WHAT IS EXPECTED :: Could you copy word for word only the lines between the one containing "2 In 1 4K HD" and the end of the listing below, both included, and leave out the pictures?
**** DATA EXCERPT ****
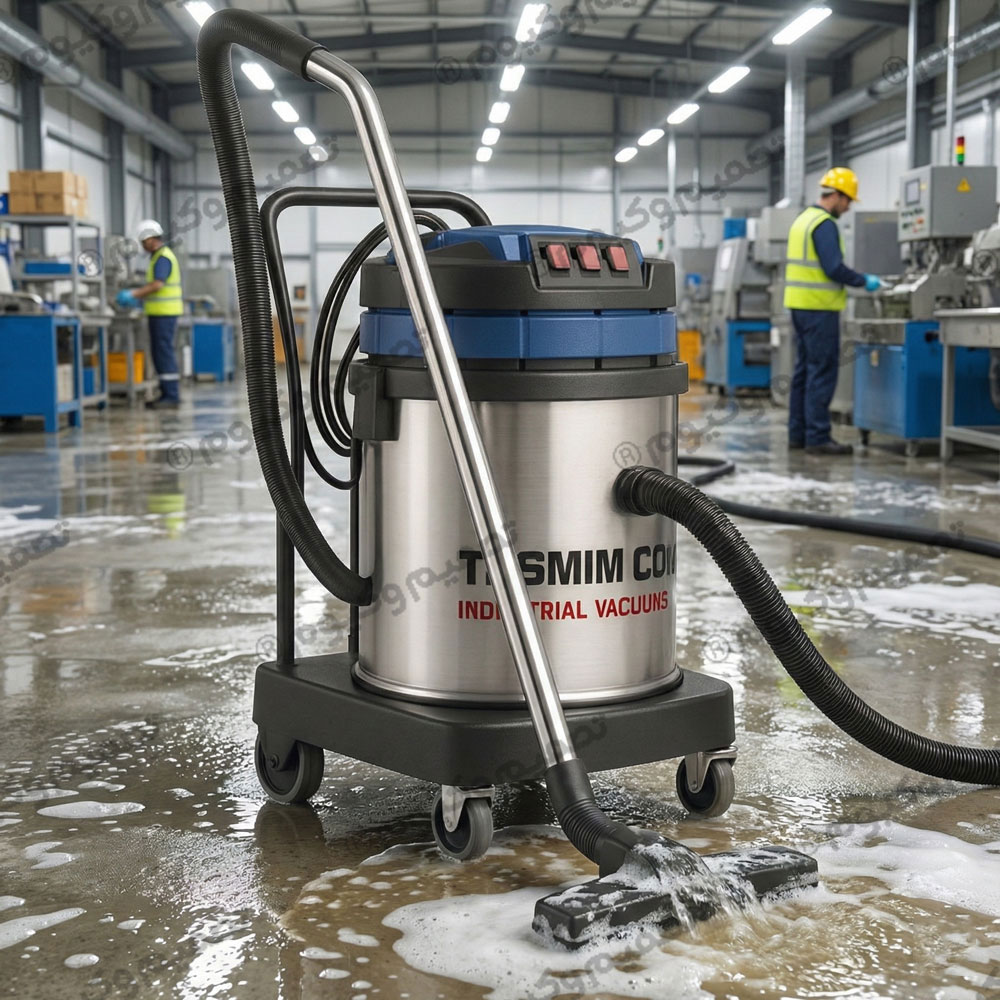 انتخاب جاروبرقی صنعتی مکش مایعات مناسب​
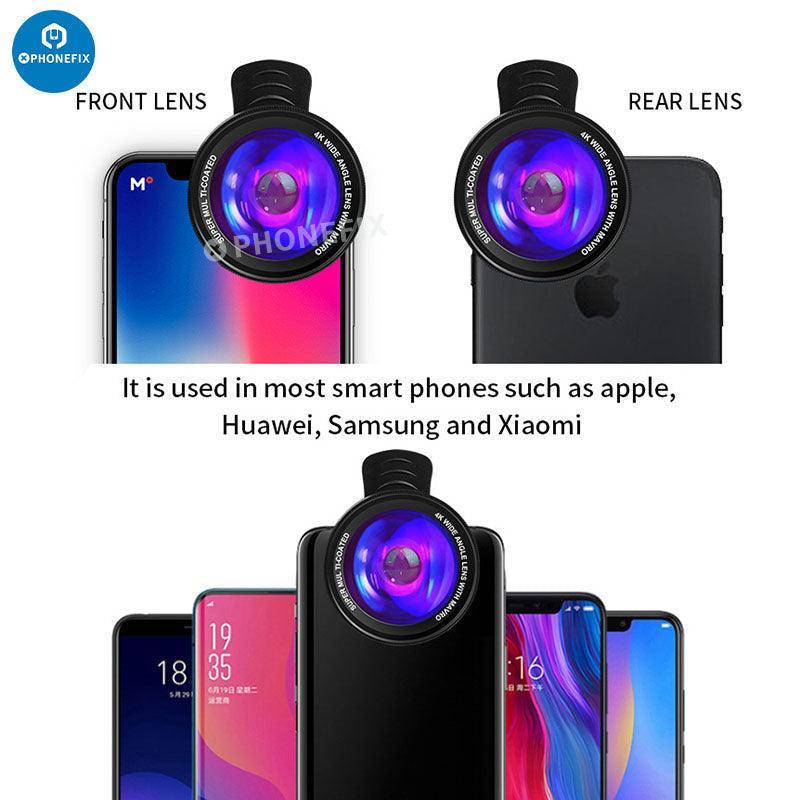 2 In 1 4K HD Wide-angle Macro Lens with LED Lamp for Phone Camera - Image 8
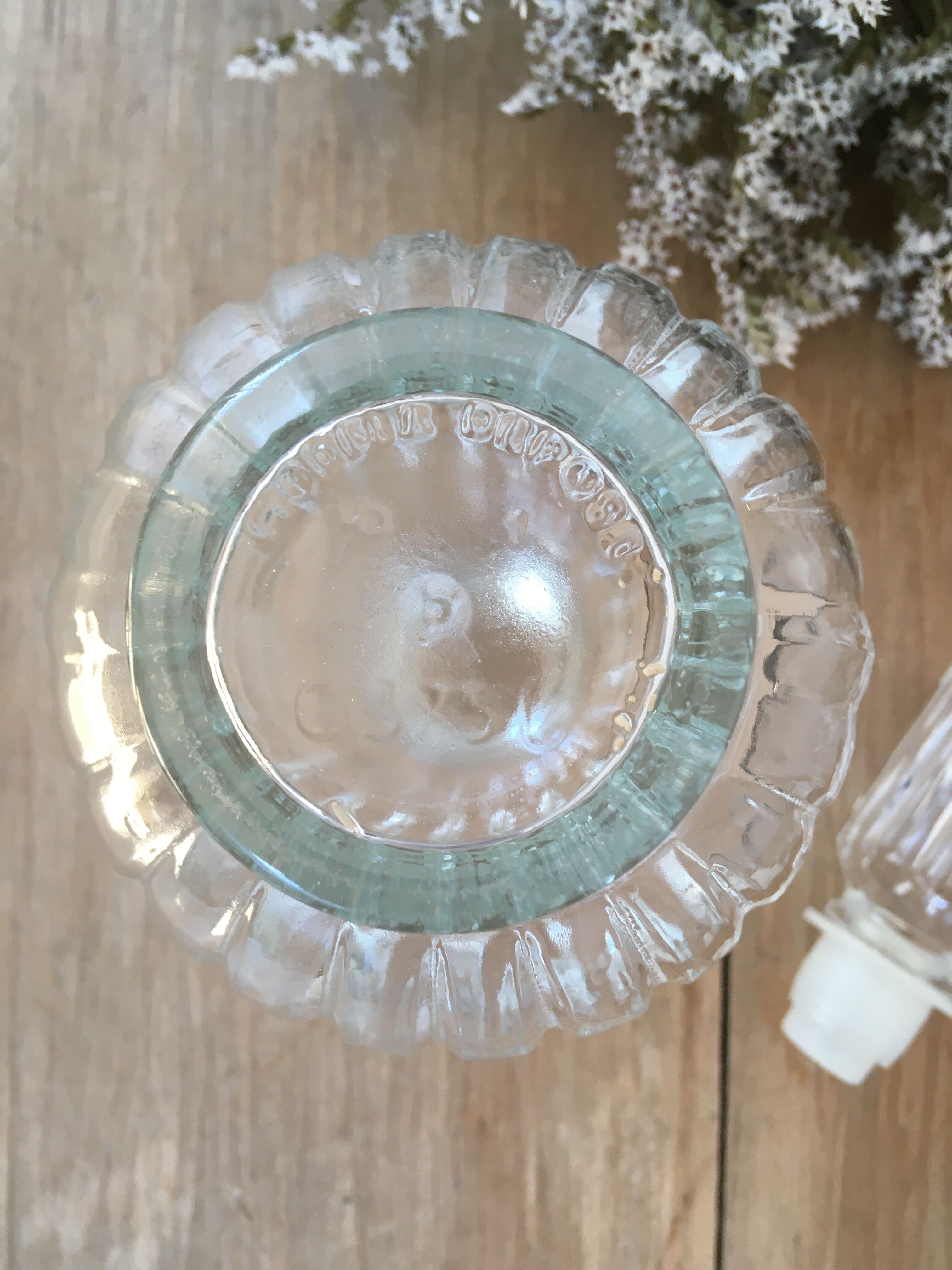 Vintage glass bottle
****
TASK OUTPUT ::
 2 In 1 4K HD Wide-angle Macro Lens with LED Lamp for Phone Camera - Image 8
 Vintage glass bottle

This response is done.